WHAT IS REQUIRED: Return every record below exactly; leave out the images.

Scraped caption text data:
++++

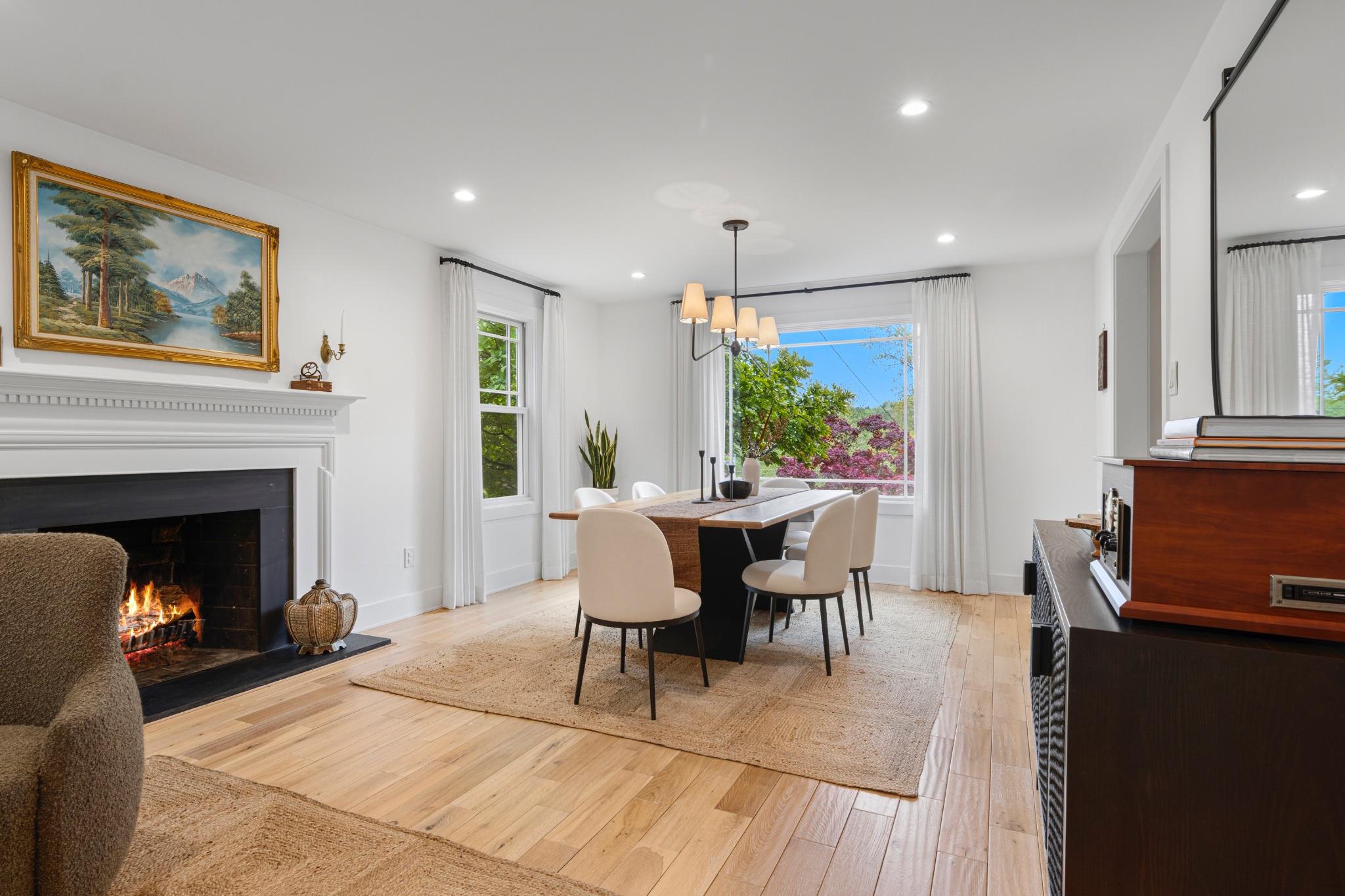 GLADWYNE - Residential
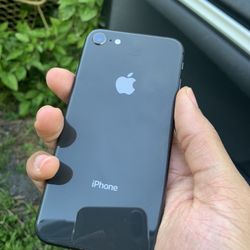 UNLOCKED IPHONE 8 64GB / LIMITED STOCK 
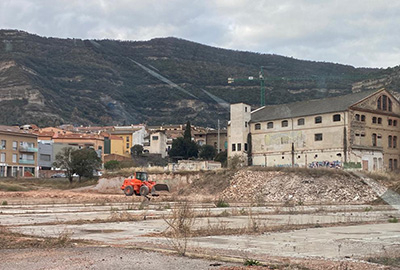 Centelles habilita una aparcament provisional al Vapor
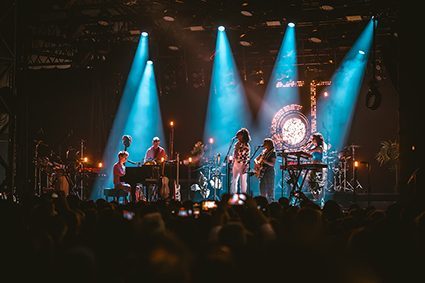 tw-so23-ma-jacob-collier-c-alexander-scharf-7-72rgb Tollwood Sommerfestival Musik Arena mit einer Band auf der Bühne, die von Strahlern angestarhlt wird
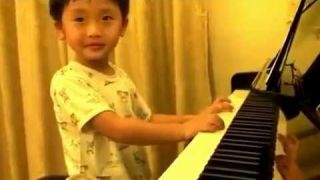 4 Year Old Boy Plays Piano Better Than Any Master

++++

REPLY:
 GLADWYNE - Residential
 UNLOCKED IPHONE 8 64GB / LIMITED STOCK 
 Centelles habilita una aparcament provisional al Vapor
 tw-so23-ma-jacob-collier-c-alexander-scharf-7-72rgb Tollwood Sommerfestival Musik Arena mit einer Band auf der Bühne, die von Strahlern angestarhlt wird
 4 Year Old Boy Plays Piano Better Than Any Master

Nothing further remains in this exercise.